I had one piece of administration to deal with in Aswan, namely purchasing a ticket on the ferry to Sudan. The information on the web had been sparse and contradictory, so I will outline my experience in my next blog entry.
One of the main reasons for anyone to come to Aswan is as a base to visit the famous site of Abu Simbel, several hundred kilometres south-west on the shores of Lake Nasser. Here, Rameses II had constructed two large temples - one dedicated to the three gods Amen-Re,
Ra-Horakhty, and Ptah, as well as the deified form of himself, and one dedicated to the goddess Hathor and Rameses' favourite consort Nefertari. These temples acted as a show of Egyptian strength to the country's southern neighbours.
Originally the temples were carved out of a hillside but, in the 1960s, the construction of the Aswan High Dam and associated creation of Lake Nasser would have inundated the site. Over a four year span, a modern-day marvel of engineering was carried out, with the temples being carved up into chunks and transported to a new location out of reach of the rising waters. A fake mound was constructed to house the relocated monuments.
I had arrived in Aswan coincidentally in time for a twice-yearly festival at Abu Simbel. At the end of a corridor in the main temple are statues of the four gods to whom the temple is dedicated. On two days each year, the sun's first rays shine down this corridor, illuminating three of the statues but leaving that of Ptah, the god of the underworld, in the dark.
Due to some bizarre reasoning, travel to Abu Simbel is only possible as part of a convoy.
This is supposedly for security but one could argue it gives a nice fat tourist target to anyone wanting to get up to mischief. Normally this convoy leaves Aswan at 4AM but, on the days of these two festivals, it goes at 1AM, meaning it's not so much an early morning departure as a late night one. I have no idea how the convoy was structured, as I saw no police or army, and there seemed to be no set order as much overtaking went on.
To the disappointment of everyone, the small fold-down seats in the aisle of the minibus had been sold, and the family that had the misfortune to get on last complained long and bitterly. The drive to Abu Simbel takes a good 3.5 hours, so most people nap on the way there and back - not really possible when you have no head rest or even proper back support.
It was cold and breezy at Abu Simbel at 4:30AM, and I was glad I'd brought both my fleeces. Ticket buying was an amusing exercise in Egyptian vs Western queuing habits, and several arguments resulted. There was a great deal of waiting around, as
the sunrise didn't happen until nearly 7AM. There seemed to be various military bigwigs being shown the site, with entertainment provided for the masses by dancers, horn tooters, stick fighters, and even guys in striped nemes
headcloths playing bagpipes.
The exterior of the main temple is dominated by four large statues of Rameses II, one of which is now bodiless courtesy of an earthquake. It's not difficult to imagine how any would-be invader from the south would have felt when seeing this imperious monument.

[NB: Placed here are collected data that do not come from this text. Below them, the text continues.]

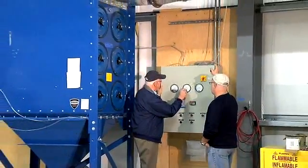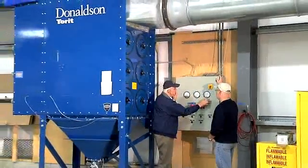I've known my Donaldson Torit contact Dennis Berry for 15 years. I've relied on him heavily for all of our collection needs and to make sure that the NFPA standards are correct and in order, in order to do it right the first time.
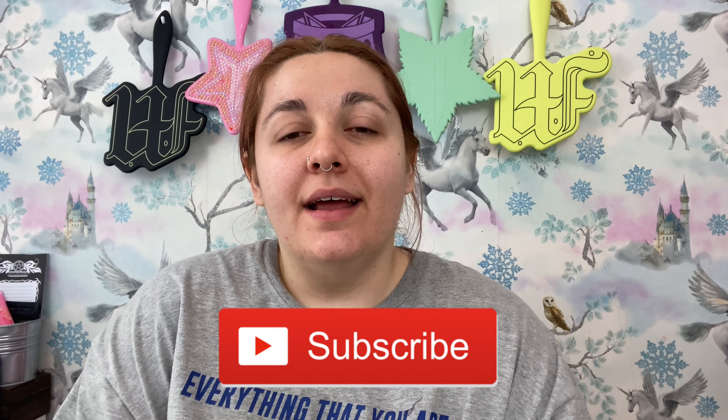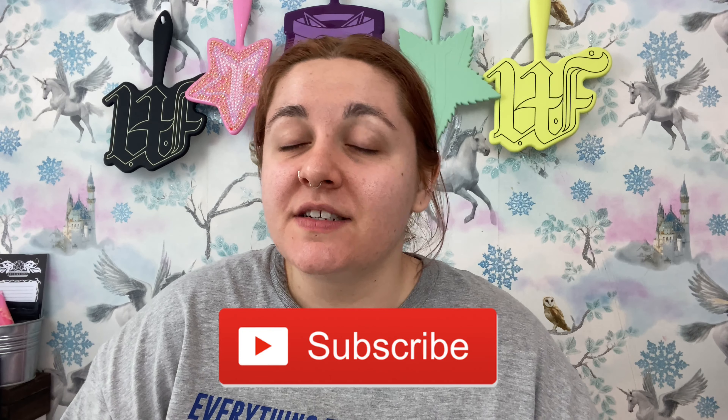Hey everyone, welcome — or welcome back — to my channel. If you are new here, hi, my name's Lily. Go ahead and like and subscribe. Today we're unboxing this month's Witch Casket, the April box. Witch Casket is a monthly witchy subscription box — I'll put a link down below if you want to check it out, along with my Instagram where I'll post a full picture after this video goes up. So, let's see what's in April's box!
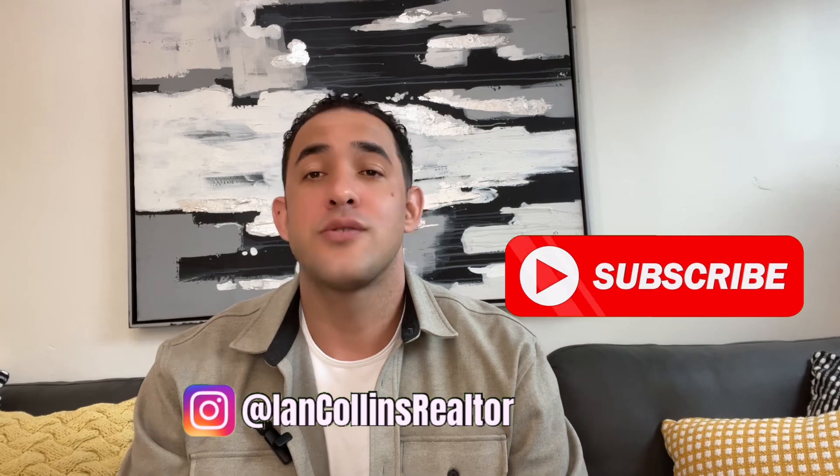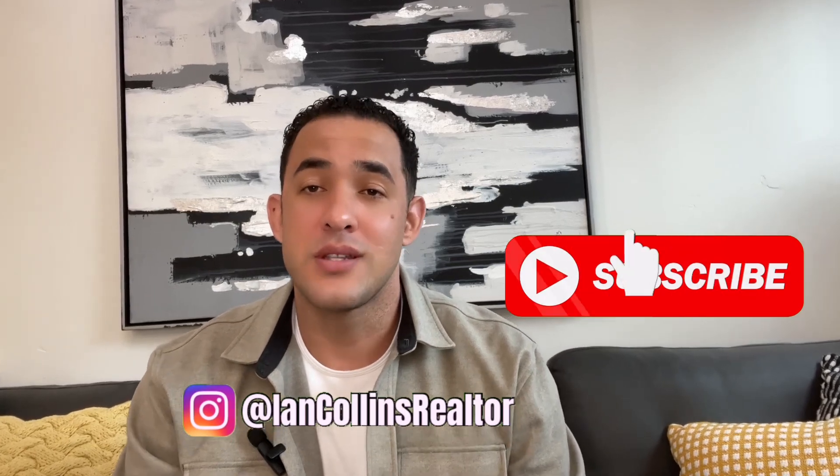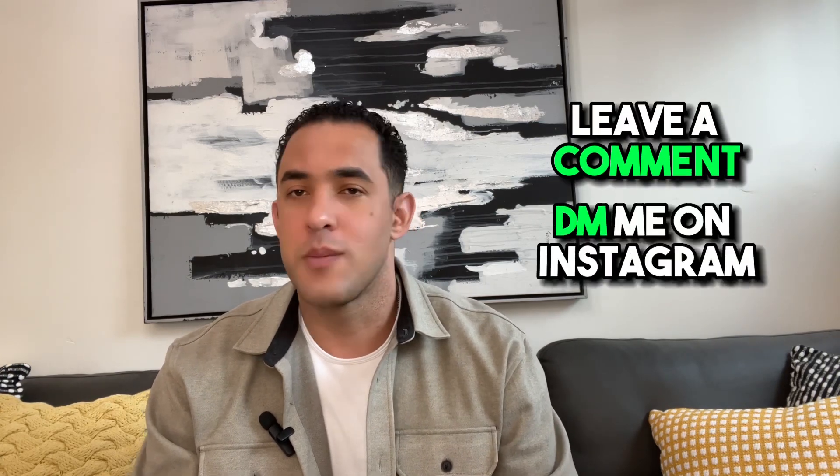If you didn't see parts 1 and 2, go back and watch them before you watch this one — I'll link them in the description. Don't forget to subscribe to my channel and follow me on Instagram for more real estate tips and tricks. If you have any specific questions or topics you'd like me to cover, just leave a comment below or shoot me a message on Instagram.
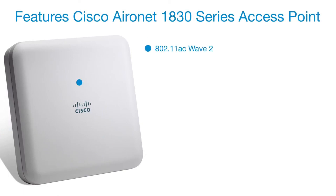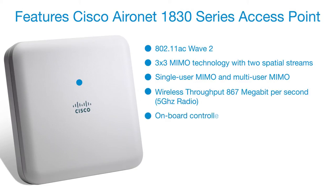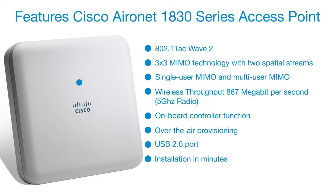Features of the Cisco Aeronet 1830 Series Access Point include: 802.11ac Wave 2 with 3x3 MIMO technology and two spatial streams, single-user MIMO and multi-user MIMO, wireless throughput of 867 Mbit per second, onboard controller function, over-the-air provisioning, USB 2.0 port, and installation in minutes. Contact your authorized distributor for more information.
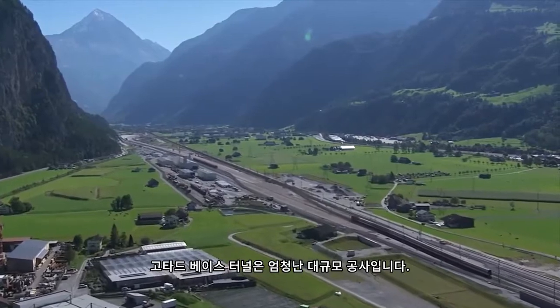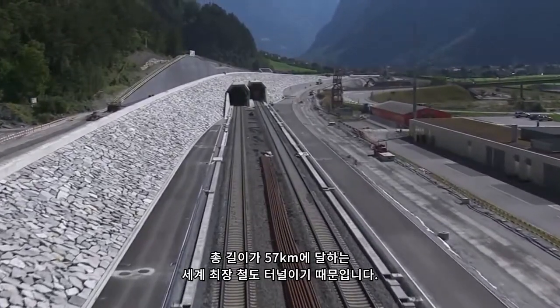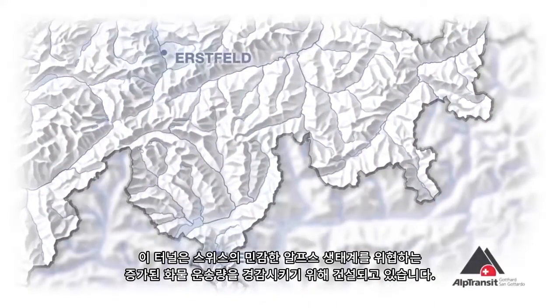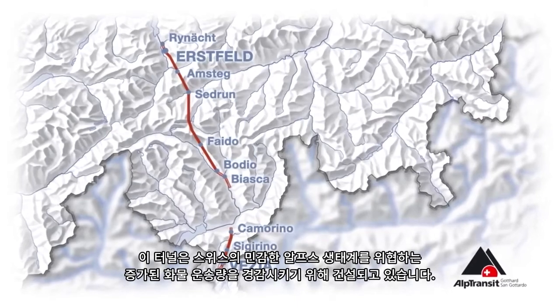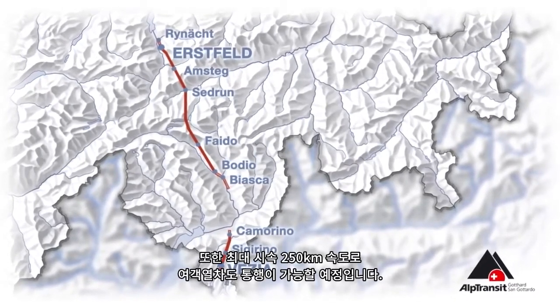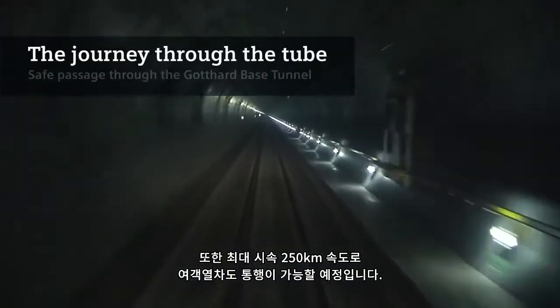The Gotthard base tunnel is a mammoth project. At 57 km, it's the world's longest railroad tunnel. The tunnel's purpose is to ease the burden of increasing freight traffic on Switzerland's sensitive alpine ecosystem. Passenger trains will also be able to pass through the tunnel at speeds of up to 250 km per hour.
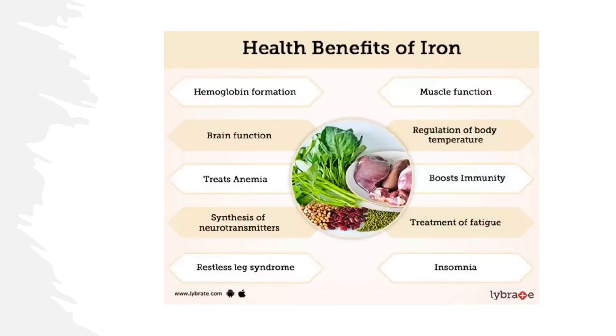In two studies in rats, pectin increased iron absorption in the gut. However, it was ineffective in another study on iron-deficient rats.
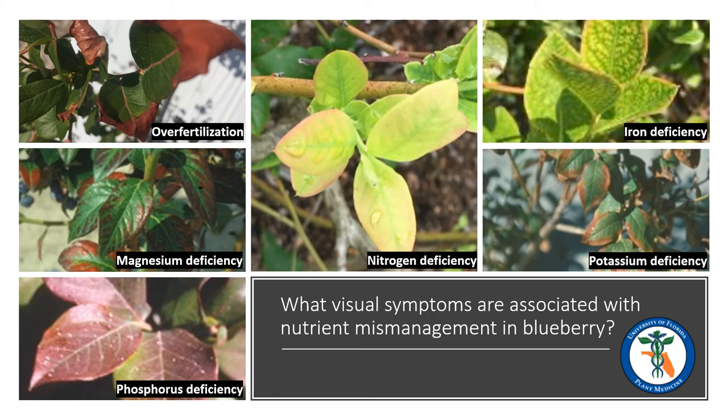Phosphorus deficiency is uncommon, but it is fairly easy to recognize. New leaves will have a stunted or regular growth pattern, and they will have a bronze, purplish, or reddish appearance, as you can see in the bottom left photo. Symptoms of potassium deficiency, seen in the bottom right photo, may sometimes resemble symptoms of over fertilization or drought damage, such as leaf cupping and marginal leaf burn.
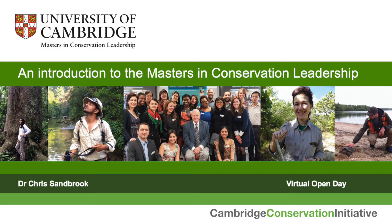Welcome to this introduction to the Cambridge Masters in Conservation Leadership. My name is Chris Sandbrook, I'm the Director of the Masters and it's my pleasure to tell you a bit about our course today as part of the virtual open day programme.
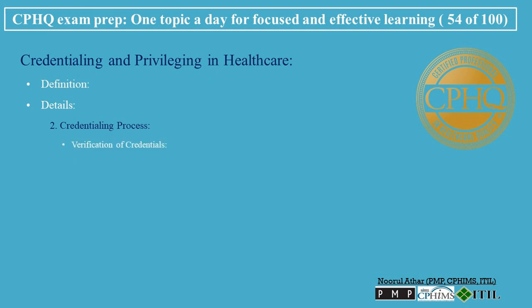Credentialing Process - Verification of Credentials involves checking the validity of educational degrees, residency and fellowship training, licensure, board certification, work history, and references.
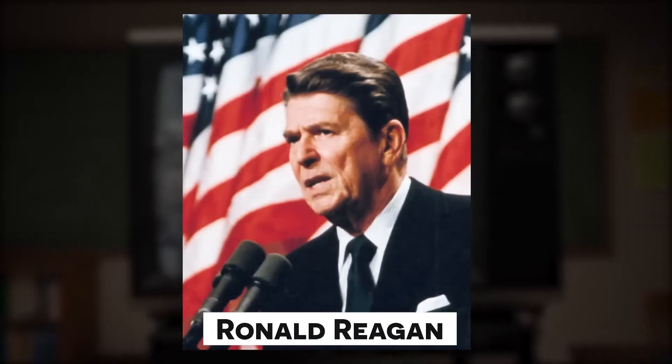The Challenger disaster was a wake-up call for NASA and for the entire nation. President Reagan ordered an investigation into the disaster, and NASA implemented a number of changes to improve the safety of the space shuttle program.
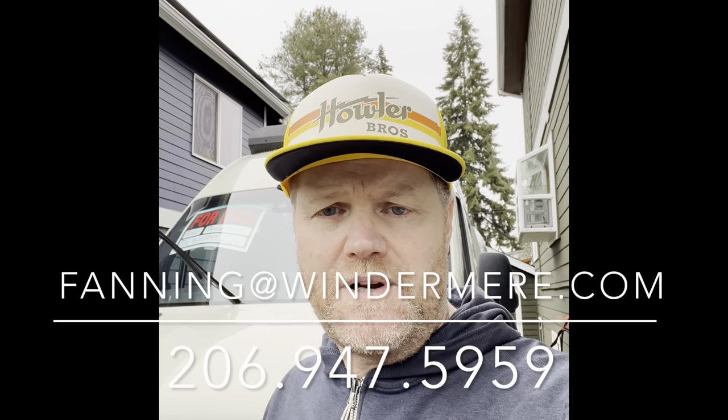Thanks for watching the tour of the 2020 Sprinter Revel. If you're interested, it also has a lithium battery upgrade, a diesel furnace heater, and some other extras that come with it — including the power cord, winter blankets for the windows and openings. If you're interested, reach out to me at faning@windermere.com. Happy to answer any questions — have a great day!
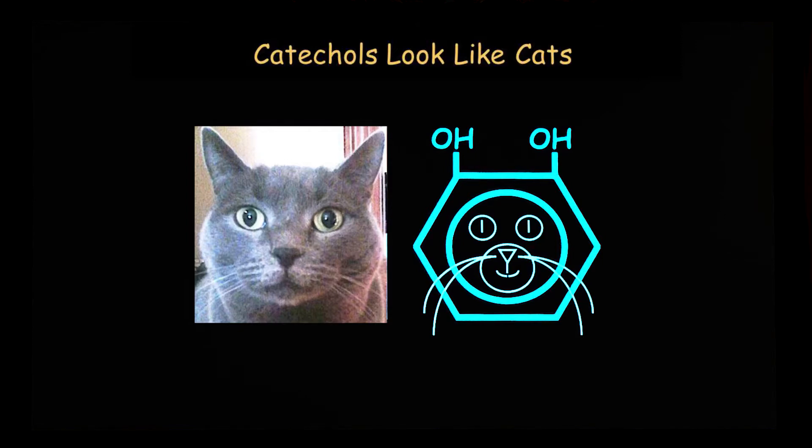Now I'm going to get into my favorite topic: what do catecholamines look like and how do they work? Norepinephrine and adrenaline are two of the key chemical messengers of the sympathetic system. I think of catecholamines as catechols. They have a chemical structure with two adjacent hydroxyl groups on a benzene ring, and the two hydroxyl groups kind of look like the pointy ears on the head of a cat. So catechols look like cats.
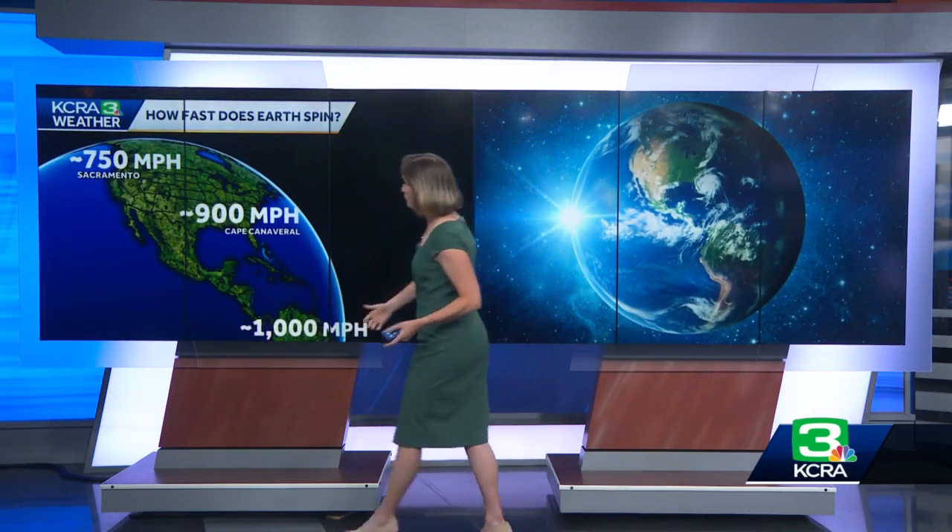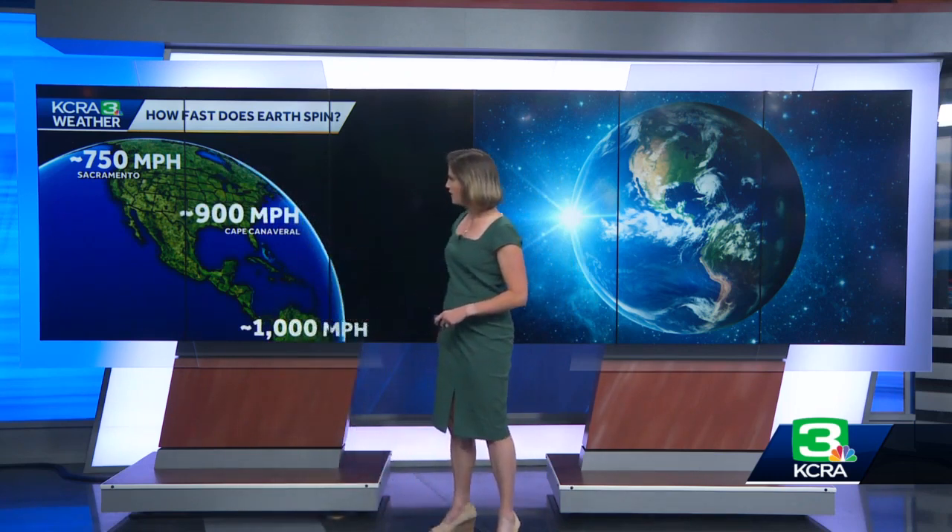The closer you get to the equator, the faster Earth's surface is spinning. For example, here in Northern California we're spinning at about 750 miles per hour, but farther south in Cape Canaveral the ground is spinning at about 900 miles per hour. And every little bit counts because Artemis 1 has to reach 25,000 miles per hour to break away from Earth's gravity. Vigaski says that for now, weather conditions look favorable for the next potential launch window this Friday.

Shortly before sunrise, the "queue" started to shuffle forward into the main temple. This was a sign for a rash of pushers-in to go about their business. The policing inside was a total joke, with flash photography and touching of surfaces being tolerated. I happened to pass the statues of the four gods just before the sun's rays hit, which caused a commotion as security was forcing everyone in front of the statues to get down on the ground. The separation of the light and dark areas wasn't quite as distinct as I'd hoped, however the interior of the temple contained a selection of carvings that I would have deemed as excellent on any
Train from Luxor to Aswan
day of the year.
The trip back to Aswan was hot, with the driver refusing to put on the aircon in another display of the penny-pinching that's characterised my Egyptian jaunt. As each group of passengers was dropped off at their respective accommodation, he shouted vainly "Where's my tip?" at the retreating backs.
Aswan has several other options for sightseers, including the temple of Philae, a felucca ride, and shopping, but by now I was weary of Egypt and started counting down the hours until my ferry out.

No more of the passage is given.